- **Records for the task**
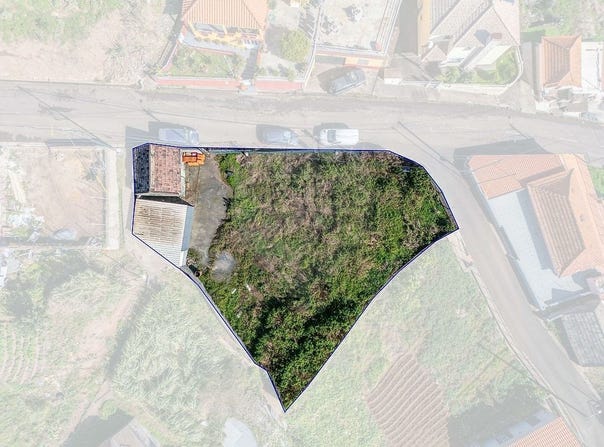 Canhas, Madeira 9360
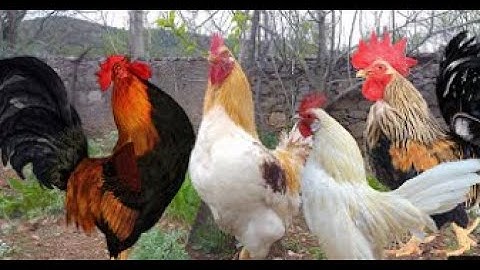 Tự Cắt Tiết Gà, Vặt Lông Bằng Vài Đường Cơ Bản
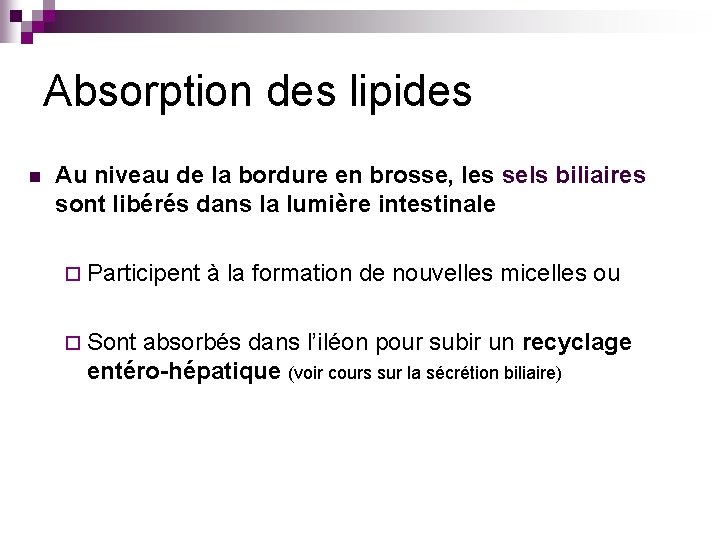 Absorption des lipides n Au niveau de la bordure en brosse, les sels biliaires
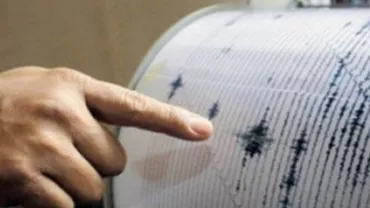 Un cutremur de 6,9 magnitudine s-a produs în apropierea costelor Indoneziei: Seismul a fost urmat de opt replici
==
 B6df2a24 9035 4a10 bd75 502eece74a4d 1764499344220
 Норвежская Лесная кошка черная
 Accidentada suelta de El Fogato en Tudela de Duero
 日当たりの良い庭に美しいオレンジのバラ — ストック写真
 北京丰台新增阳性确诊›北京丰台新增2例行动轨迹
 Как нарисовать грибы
--
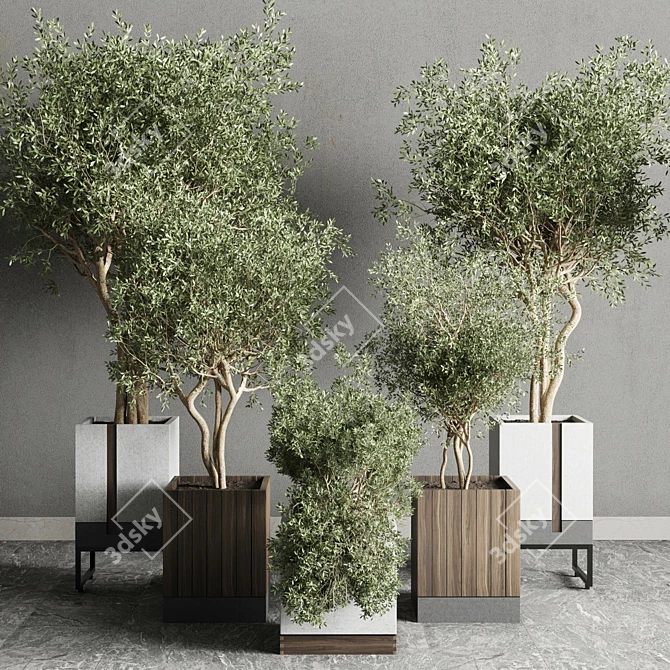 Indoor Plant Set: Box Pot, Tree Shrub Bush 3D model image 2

- **Exercise objective**
Leaving each picture behind, please give again exactly the lines above from the one with "Canhas, Madeira 9360" through the one with "Un cutremur de", both included, and no others.

- **Output of the exercise**
 Canhas, Madeira 9360
 Tự Cắt Tiết Gà, Vặt Lông Bằng Vài Đường Cơ Bản
 Absorption des lipides n Au niveau de la bordure en brosse, les sels biliaires
 Un cutremur de 6,9 magnitudine s-a produs în apropierea costelor Indoneziei: Seismul a fost urmat de opt replici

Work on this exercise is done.